Folding swimsuits into itty bitty units seems more trouble than it’s worth. Again, container to the rescue! All my swimsuits live in a bin on my closet shelf. I know where to find them, and they’re all contained. It works! And, a system that works is a good system.
3. Pantry Staples
Individual bags and packages of food loose on a shelf is a recipe (ha ha) for looking organized at a point in time, then getting messy as soon as the next grocery load arrives. I recommend 1 or a combination of the following: 1. Transfer food into a food storage container like an OXO, discarding the original packaging. OR 2. Contain boxes and bags of a certain category together in a large labeled basket or bin (snacks together, breakfast items together, etc).
4. Food Storage Containers
Find matches, discard the rest. Use drawer dividers like the below photo, or store with lids on. Why? Yes, you can fit fewer in a drawer, which I actually don’t mind, as it forces me to pare down. But, it solves the single biggest issue with food storage containers, which is not having bottoms and lids that match and/or not easily locating the pairs.
Shoes, shoes everywhere! With a multi person household in a 4 season climate, you’ve got rain boots, snow boots, sandals, athletic shoes, water shoes and everything in between!
Storing shoes in a combination of places works well. As much as I’d like all the shoes to live in bedroom closets, it’s just more convenient to have a few of the most often worn pairs near the front door or in or near the garage.

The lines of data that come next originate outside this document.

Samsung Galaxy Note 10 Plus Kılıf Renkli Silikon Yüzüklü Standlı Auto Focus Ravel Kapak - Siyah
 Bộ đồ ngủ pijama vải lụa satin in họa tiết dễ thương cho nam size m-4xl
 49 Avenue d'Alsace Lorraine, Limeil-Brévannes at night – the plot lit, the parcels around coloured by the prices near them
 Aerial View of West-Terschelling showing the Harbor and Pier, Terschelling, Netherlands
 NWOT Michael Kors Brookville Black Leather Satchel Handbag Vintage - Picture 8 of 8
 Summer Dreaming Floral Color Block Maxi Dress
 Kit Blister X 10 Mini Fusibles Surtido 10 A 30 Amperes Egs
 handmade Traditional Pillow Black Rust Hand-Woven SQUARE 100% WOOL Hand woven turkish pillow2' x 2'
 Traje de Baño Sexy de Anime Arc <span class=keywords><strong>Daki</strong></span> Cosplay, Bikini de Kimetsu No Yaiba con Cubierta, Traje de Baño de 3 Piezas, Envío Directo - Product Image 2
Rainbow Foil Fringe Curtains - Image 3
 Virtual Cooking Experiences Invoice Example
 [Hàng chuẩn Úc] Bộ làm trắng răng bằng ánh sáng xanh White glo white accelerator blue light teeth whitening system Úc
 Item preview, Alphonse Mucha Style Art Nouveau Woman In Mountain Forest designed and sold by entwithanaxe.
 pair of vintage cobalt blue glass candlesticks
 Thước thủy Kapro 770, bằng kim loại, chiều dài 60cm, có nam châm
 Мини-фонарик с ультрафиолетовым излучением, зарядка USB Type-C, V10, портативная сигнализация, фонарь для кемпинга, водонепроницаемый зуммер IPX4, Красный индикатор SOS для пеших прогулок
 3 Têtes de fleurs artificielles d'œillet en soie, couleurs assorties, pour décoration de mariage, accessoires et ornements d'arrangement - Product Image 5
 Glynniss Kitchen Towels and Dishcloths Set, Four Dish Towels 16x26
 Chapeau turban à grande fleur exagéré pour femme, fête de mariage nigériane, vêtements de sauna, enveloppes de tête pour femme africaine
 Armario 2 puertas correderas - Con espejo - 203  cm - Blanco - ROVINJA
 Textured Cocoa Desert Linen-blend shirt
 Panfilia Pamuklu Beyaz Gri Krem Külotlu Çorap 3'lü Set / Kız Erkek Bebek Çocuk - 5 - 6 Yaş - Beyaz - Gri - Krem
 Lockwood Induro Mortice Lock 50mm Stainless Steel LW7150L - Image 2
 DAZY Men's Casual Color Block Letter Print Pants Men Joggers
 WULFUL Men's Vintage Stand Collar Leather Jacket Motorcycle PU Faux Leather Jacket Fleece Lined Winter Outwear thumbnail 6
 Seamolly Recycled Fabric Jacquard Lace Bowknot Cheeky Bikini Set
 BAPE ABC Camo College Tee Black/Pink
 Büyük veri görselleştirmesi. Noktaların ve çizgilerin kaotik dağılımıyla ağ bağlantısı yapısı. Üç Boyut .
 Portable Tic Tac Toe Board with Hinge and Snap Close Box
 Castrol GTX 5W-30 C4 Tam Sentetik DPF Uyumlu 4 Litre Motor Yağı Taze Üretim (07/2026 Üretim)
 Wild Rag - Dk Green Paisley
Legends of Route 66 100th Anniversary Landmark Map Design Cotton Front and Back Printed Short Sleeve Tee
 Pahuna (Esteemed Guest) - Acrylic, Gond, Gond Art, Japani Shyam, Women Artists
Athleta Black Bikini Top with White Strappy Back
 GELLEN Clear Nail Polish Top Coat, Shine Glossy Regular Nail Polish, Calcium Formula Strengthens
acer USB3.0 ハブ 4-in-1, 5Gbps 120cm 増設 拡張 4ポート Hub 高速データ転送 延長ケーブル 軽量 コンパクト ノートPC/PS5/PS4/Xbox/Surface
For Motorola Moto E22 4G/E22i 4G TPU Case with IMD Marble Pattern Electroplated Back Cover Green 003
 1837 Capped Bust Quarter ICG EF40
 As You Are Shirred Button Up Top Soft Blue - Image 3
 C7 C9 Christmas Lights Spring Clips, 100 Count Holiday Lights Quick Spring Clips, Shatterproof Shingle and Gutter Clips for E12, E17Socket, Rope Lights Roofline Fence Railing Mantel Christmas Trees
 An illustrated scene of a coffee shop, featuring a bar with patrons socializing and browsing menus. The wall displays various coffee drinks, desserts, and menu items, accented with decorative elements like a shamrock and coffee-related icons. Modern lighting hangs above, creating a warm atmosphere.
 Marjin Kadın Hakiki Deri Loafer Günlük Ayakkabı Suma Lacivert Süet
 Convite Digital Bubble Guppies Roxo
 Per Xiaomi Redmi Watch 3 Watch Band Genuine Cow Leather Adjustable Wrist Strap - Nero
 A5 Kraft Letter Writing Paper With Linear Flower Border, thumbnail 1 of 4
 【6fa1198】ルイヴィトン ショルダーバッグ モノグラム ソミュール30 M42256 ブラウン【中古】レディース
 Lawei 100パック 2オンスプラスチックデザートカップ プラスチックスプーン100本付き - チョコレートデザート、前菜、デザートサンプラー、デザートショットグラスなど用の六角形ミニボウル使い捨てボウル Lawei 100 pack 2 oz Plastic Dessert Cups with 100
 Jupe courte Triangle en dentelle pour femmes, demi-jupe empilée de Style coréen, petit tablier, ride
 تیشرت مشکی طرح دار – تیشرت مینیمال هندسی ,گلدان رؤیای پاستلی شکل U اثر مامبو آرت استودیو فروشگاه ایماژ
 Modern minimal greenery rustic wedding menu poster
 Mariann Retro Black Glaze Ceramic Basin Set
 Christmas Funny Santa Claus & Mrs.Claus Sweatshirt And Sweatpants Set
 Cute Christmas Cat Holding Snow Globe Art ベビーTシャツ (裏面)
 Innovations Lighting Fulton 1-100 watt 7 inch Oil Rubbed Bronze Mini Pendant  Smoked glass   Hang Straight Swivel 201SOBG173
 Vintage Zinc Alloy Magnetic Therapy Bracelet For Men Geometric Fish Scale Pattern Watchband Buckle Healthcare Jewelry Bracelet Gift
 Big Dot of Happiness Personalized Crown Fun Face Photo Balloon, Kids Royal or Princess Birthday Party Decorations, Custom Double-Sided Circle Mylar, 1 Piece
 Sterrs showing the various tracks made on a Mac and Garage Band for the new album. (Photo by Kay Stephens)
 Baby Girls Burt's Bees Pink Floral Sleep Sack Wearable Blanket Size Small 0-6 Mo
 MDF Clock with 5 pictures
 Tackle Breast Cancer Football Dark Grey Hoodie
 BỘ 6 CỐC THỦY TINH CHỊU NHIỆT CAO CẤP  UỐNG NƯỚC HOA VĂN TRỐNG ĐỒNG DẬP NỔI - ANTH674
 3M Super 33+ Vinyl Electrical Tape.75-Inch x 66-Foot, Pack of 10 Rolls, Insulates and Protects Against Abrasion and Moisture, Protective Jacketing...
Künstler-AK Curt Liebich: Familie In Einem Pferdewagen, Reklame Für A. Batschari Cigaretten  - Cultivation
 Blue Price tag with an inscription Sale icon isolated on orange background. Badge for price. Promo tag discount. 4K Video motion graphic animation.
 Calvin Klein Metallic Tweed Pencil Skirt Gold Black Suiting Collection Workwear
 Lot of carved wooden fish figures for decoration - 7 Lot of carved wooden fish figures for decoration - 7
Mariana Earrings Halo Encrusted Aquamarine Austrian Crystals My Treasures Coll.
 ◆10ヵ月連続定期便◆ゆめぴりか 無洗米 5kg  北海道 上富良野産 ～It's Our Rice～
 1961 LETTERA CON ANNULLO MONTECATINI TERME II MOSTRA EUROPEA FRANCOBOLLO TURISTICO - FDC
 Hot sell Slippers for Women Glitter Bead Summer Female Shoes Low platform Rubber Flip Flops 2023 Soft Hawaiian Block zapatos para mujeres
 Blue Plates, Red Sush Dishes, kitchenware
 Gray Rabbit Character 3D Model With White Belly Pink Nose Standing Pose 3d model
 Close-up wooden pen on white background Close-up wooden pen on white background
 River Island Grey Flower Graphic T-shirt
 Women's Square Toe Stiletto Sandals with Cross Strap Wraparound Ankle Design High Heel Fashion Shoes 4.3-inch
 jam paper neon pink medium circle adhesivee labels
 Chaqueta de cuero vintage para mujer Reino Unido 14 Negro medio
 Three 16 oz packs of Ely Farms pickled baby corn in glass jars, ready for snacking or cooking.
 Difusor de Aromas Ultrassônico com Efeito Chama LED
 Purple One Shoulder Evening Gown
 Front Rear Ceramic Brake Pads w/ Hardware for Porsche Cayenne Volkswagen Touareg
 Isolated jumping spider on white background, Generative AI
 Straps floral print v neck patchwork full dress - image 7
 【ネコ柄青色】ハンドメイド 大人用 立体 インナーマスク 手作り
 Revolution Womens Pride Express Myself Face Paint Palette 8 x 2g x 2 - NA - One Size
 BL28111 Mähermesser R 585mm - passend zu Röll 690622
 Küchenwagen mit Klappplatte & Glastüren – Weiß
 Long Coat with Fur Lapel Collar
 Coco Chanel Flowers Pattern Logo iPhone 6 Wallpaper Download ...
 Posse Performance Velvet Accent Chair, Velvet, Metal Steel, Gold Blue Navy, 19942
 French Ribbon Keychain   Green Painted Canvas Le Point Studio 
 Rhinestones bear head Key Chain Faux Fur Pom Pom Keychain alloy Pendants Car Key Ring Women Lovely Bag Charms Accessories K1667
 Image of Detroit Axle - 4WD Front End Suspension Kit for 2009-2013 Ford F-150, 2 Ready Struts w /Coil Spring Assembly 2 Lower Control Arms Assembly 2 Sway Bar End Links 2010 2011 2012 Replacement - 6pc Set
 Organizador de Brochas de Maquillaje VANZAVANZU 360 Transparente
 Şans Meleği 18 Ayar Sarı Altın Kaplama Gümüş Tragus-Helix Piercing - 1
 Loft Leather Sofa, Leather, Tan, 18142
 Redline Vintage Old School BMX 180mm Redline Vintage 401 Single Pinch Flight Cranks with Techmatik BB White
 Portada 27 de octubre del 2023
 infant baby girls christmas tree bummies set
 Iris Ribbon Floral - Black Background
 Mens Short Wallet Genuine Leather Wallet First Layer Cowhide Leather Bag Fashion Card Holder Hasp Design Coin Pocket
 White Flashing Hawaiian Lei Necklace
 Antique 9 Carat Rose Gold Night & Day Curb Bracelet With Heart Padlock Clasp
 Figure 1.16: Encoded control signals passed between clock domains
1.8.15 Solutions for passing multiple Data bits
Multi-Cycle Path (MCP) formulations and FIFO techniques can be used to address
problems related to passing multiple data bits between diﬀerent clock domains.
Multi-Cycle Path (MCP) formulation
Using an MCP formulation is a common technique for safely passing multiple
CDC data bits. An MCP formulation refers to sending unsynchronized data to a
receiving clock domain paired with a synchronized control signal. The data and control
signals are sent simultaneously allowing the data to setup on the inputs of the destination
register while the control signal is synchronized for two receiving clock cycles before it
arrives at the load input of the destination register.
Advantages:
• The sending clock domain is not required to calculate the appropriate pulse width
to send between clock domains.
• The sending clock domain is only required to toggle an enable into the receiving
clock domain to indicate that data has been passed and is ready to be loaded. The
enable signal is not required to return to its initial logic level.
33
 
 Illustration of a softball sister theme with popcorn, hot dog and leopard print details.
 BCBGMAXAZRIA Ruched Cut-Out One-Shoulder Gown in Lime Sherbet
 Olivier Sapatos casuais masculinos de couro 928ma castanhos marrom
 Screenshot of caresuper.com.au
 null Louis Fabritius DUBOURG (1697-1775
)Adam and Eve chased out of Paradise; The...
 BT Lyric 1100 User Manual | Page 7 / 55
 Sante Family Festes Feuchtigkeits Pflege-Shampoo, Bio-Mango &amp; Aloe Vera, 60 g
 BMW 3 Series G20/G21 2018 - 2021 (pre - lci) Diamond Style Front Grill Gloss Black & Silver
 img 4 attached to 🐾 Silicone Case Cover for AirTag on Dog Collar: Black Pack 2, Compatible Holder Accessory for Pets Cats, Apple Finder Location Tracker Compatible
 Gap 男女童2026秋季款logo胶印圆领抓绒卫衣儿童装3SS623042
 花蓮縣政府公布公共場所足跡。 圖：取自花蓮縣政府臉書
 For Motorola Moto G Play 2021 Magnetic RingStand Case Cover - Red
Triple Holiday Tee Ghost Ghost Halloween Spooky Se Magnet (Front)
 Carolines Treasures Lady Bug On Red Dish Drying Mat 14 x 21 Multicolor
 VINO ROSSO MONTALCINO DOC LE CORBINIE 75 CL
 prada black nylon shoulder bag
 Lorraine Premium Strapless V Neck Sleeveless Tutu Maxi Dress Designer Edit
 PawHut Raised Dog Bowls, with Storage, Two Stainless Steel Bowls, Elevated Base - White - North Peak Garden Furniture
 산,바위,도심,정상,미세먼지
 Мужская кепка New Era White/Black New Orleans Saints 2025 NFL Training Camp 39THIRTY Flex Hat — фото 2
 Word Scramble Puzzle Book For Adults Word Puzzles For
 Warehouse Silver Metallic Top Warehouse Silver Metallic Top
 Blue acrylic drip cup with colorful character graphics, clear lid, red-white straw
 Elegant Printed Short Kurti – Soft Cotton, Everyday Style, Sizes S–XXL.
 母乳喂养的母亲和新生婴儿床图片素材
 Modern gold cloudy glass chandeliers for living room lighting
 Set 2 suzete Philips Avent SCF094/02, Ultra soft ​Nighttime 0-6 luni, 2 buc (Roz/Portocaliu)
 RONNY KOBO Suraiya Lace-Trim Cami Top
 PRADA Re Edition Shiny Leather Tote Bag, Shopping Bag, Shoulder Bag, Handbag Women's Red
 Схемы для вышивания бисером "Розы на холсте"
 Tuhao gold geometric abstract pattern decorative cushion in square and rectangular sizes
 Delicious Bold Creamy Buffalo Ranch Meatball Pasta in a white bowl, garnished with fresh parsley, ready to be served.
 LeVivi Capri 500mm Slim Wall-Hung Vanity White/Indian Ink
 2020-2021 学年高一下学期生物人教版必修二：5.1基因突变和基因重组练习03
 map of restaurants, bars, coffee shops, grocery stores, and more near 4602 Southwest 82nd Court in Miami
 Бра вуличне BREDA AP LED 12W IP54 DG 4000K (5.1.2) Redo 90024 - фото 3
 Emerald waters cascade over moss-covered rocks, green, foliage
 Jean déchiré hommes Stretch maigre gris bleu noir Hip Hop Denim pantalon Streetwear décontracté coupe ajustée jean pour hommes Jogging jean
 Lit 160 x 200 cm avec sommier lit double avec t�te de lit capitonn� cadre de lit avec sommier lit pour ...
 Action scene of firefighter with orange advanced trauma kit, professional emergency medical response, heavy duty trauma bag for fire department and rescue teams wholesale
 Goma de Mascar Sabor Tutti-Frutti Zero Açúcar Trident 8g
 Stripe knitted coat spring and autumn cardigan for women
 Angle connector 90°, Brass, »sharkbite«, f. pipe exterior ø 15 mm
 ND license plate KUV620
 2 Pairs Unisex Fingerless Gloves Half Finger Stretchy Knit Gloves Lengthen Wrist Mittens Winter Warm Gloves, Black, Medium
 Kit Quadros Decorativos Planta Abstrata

Bedroom closets work great with shoe shelves and for containing the pairs not worn as often. By the doors, I prefer shoe shelves or baskets. The key is putting a limit on it. I give my kids 3 pairs each to be by the door, which is plenty. Why 3? It’s what we have space for, and it’s sufficient. It’s a daily process to run the extras upstairs (anything above and beyond 3), but it prevents the area by the garage from getting overcrowded.
6. Messy Drawers
Step 1: Purge. Step 2: Install drawer dividers or drawer organizers so that everything has a place in the space. The end. No need to overcomplicate it.
7. Any Other Spaces
There’s a repeatable formula that works no matter the space….pare down until you’re left with an amount that fits within your space, group like items together, contain, label. It sounds simple because it is! Simple doesn’t always mean easy. And, yes, you have to put in the work. But, there’s no need to overthink it. And sometimes, good enough is just right. When your space is edited down, the items are contained, you’re good to get on with the rest of your life.